Material provided |
■ ■ ■
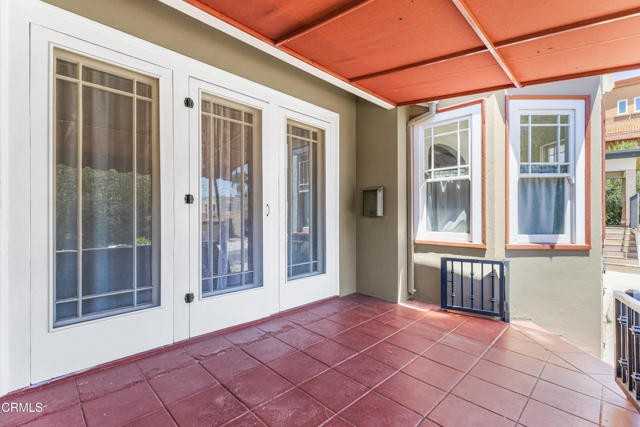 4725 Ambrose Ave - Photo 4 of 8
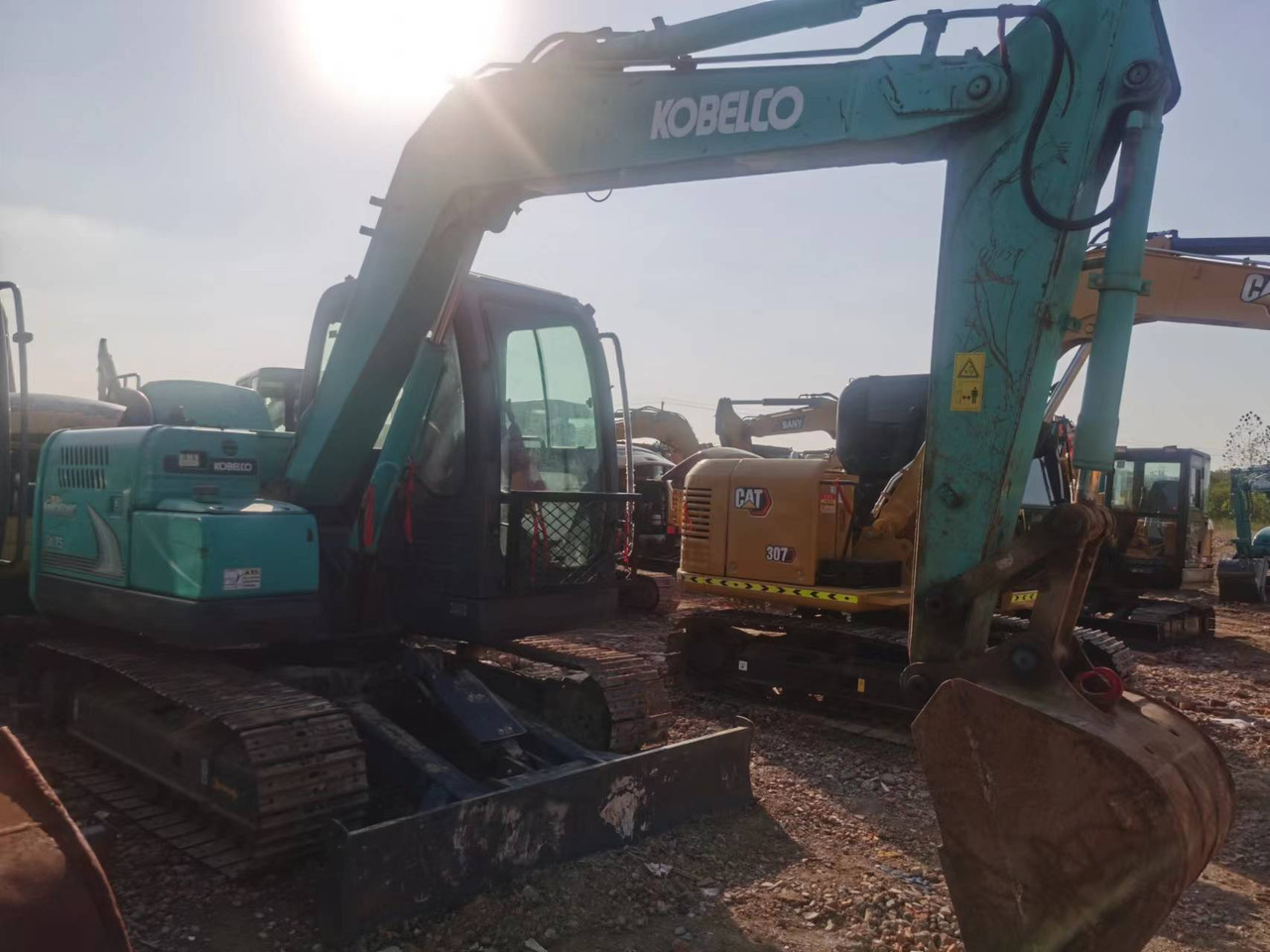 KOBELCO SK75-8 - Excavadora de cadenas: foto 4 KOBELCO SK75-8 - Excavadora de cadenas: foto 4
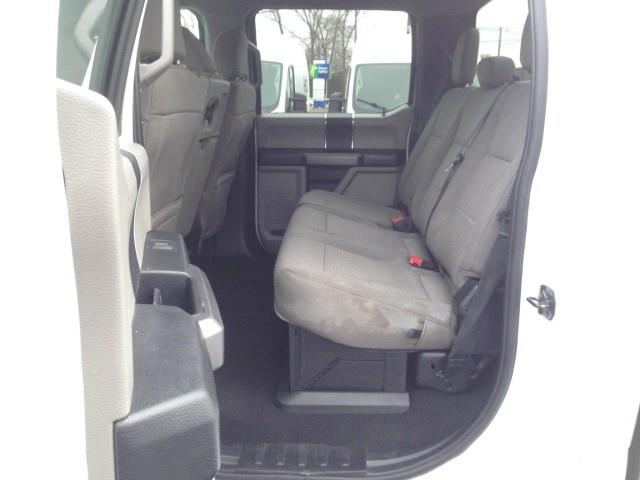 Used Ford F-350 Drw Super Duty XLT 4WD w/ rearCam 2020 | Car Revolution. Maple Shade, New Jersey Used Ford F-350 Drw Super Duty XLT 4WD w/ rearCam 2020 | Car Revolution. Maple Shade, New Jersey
■ ■ ■
Write out the data above exactly, minus any images.

 4725 Ambrose Ave - Photo 4 of 8
 KOBELCO SK75-8 - Excavadora de cadenas: foto 4 KOBELCO SK75-8 - Excavadora de cadenas: foto 4
 Used Ford F-350 Drw Super Duty XLT 4WD w/ rearCam 2020 | Car Revolution. Maple Shade, New Jersey Used Ford F-350 Drw Super Duty XLT 4WD w/ rearCam 2020 | Car Revolution. Maple Shade, New Jersey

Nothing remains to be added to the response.